Lynn held up a hand to shut him up. “I’d love to find out.” She took another drag on her cigarette.

“Can I bum a cigarette off you?”

“You smoke?” Lynn glanced at him in surprise.

“Yeah.” He accepted the cigarette and lighter she held out to him and lit up. “I quit for years. After—a few months ago I started up again. It helps me to relax.”

“Me too.” He passed her lighter back. Lynn dropped it in her pocket with her cigarettes.

“You enjoying the trip so far?”

“Oh, I’m loving every minute of it.”

Owen laughed. “Why do I get the impression that the great outdoors is not your thing?”

“Maybe because it’s not.”

“Jess said you’re on TV. He said you’ve got some kind of real glamorous job.”

Lynn’s eyes narrowed as she slowly exhaled smoke. “I don’t know how Jess would know—oh, Rory, I guess—but I’m an anchorwoman for WMAQ in Chicago. Believe me, it’s not particularly glamorous.”

“You been doing it long?”

“Four years.”

“Oh, yeah? How’d you get a job like that?”
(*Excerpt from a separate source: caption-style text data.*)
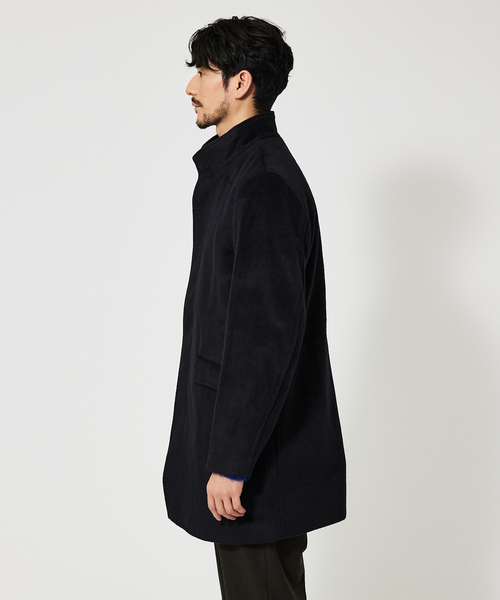 「ABAHOUSE」 コート 46 ダークネイビー メンズ_画像5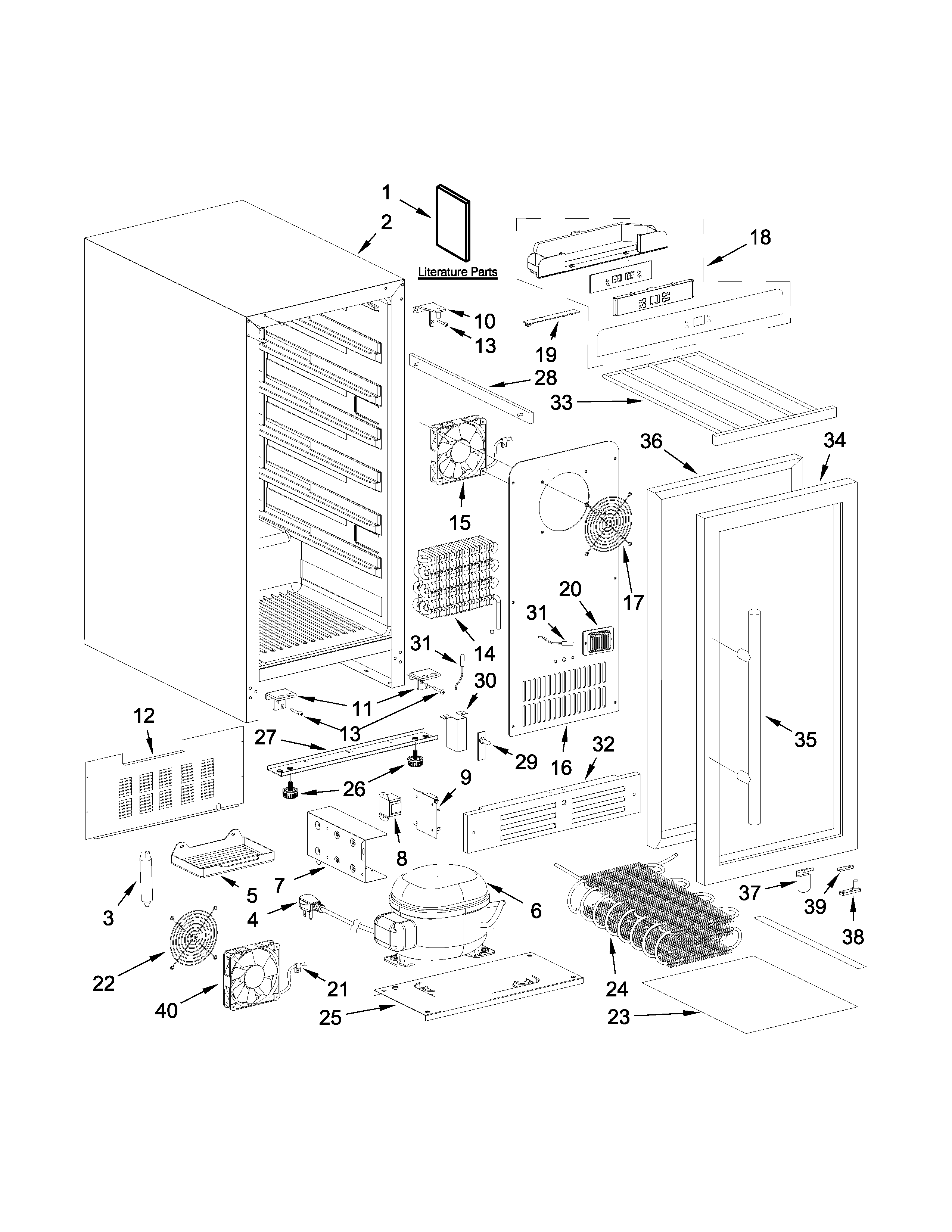 Wine center parts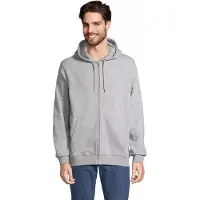 Sol Unisex Full-Zip Hoodie Calipso L04237 - Grey Melange - 3XL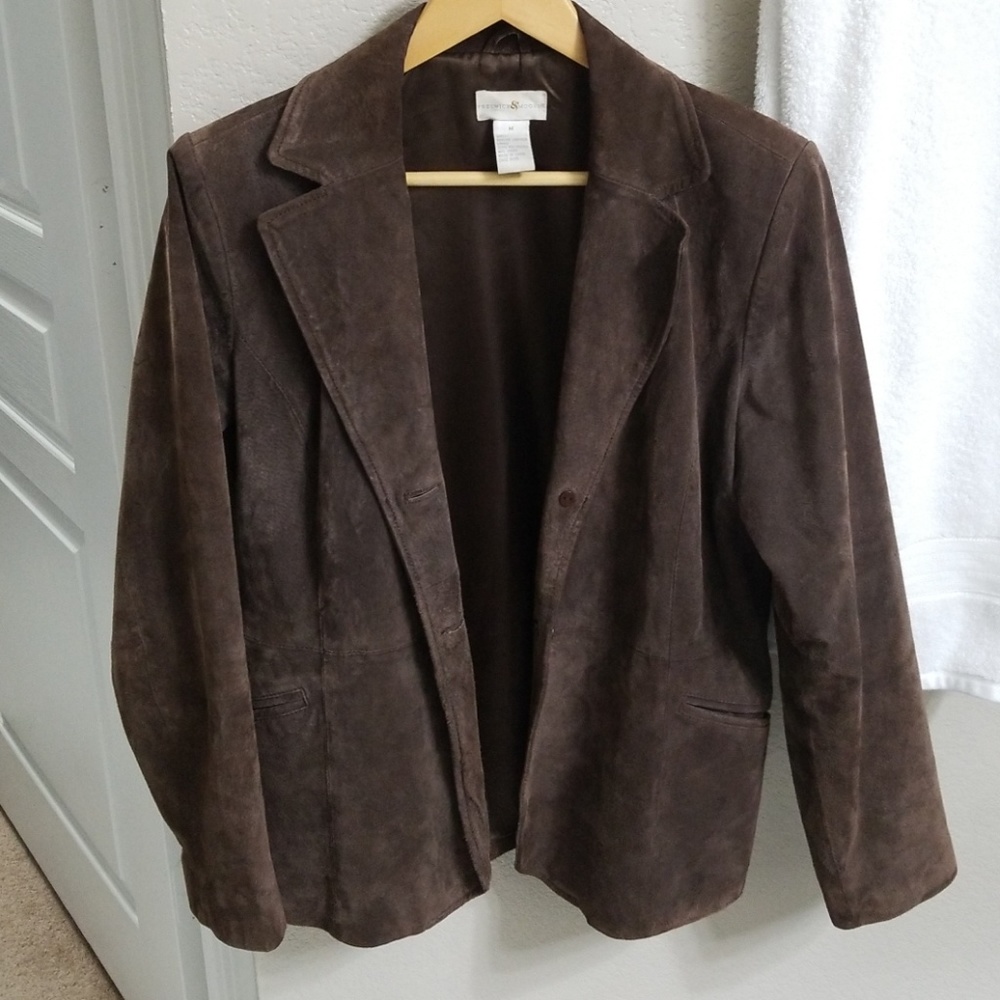 Suede coat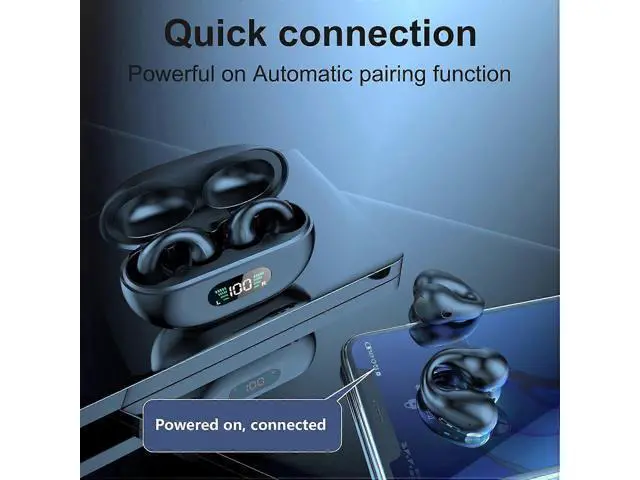 Alt view image 2 of 5 - Open Ear Bone Conduction Headphones, Bluetooth 5.3 Wireless Earbuds, 36H Playtime, IPX7 Waterproof for Sports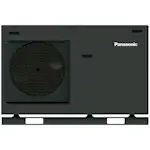 Panasonic Aquarea High Performance J-Gen WH-MDC09J3E5-1 Antracitgrå 9kW Med inbyggd elpatron 3kW Luft-vattenvärmepump Monoblock
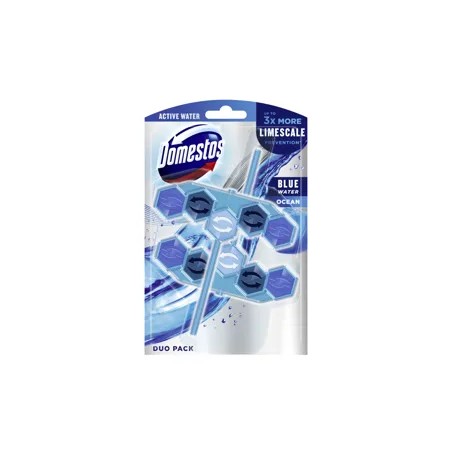 DOMESTOS Power5+ Ocean Active Blue Water WC frissítő blokk 2 x 53 g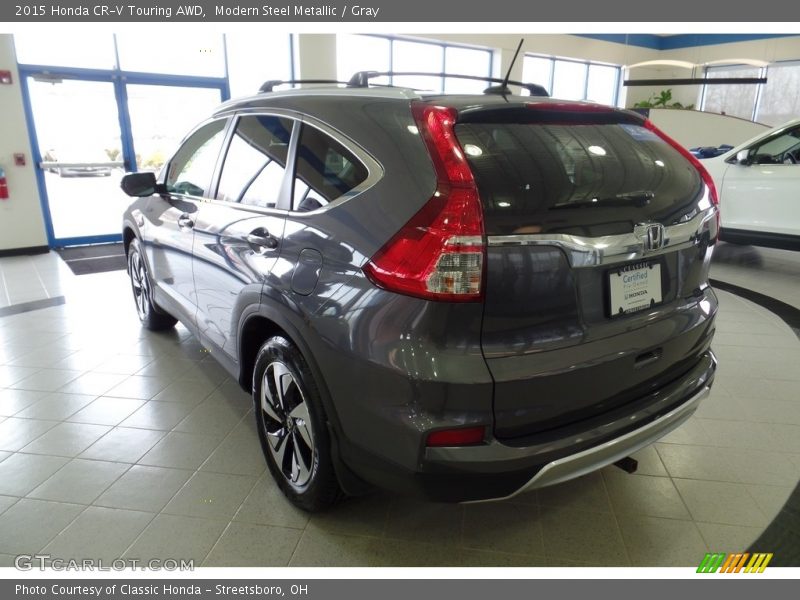 Modern Steel Metallic / Gray 2015 Honda CR-V Touring AWD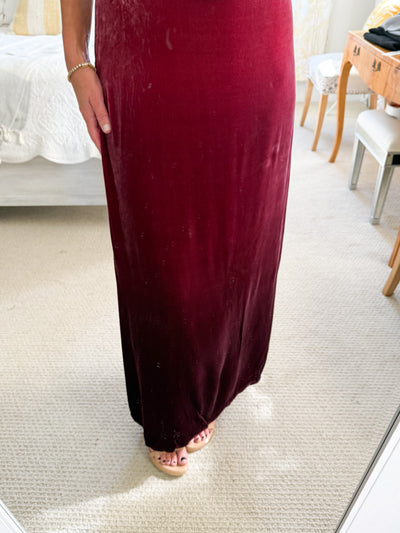 YFB Ombre Velvet Maxi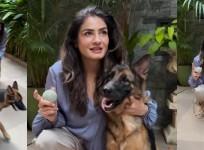 Raveena Tandon adopts 'abandoned' four-legged-friend: Welcome to your forever home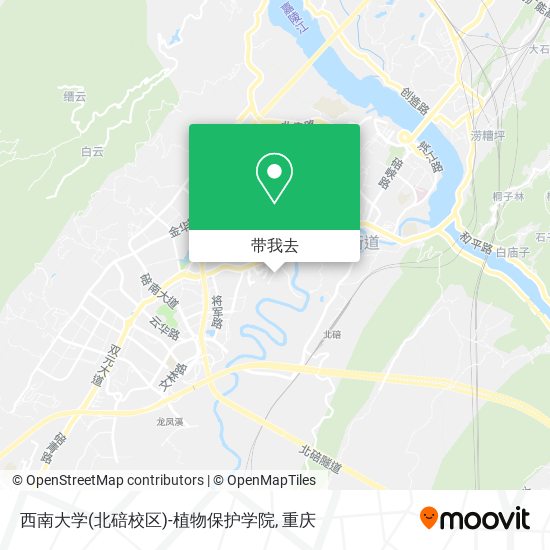 西南大学(北碚校区)-植物保护学院地图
“I majored in communications at Indiana University. While I was still in school I started working as a gopher for a station in Indianapolis. When I graduated I got a job as a reporter for a station in Evansville. From there I went to Peoria as a weekend anchor, and from there I went to Chicago to work for WMAQ. Voilà.” It was an oft-asked question. Lynn’s bare-bones response had been whittled down over years of answering.

“Impressive.”

“Yeah.” Lynn took another drag on her cigarette. To outsiders, being an anchorwoman sounded like a dream job. Only someone in the business knew how stressful and uncertain a career it was. Gain ten pounds, develop a few crow’s-feet, and it was over.

Then what?

That was the fear that nibbled constantly at the edges of her mind. She was thirty-five—and she feared it was starting to show. How much longer did she have?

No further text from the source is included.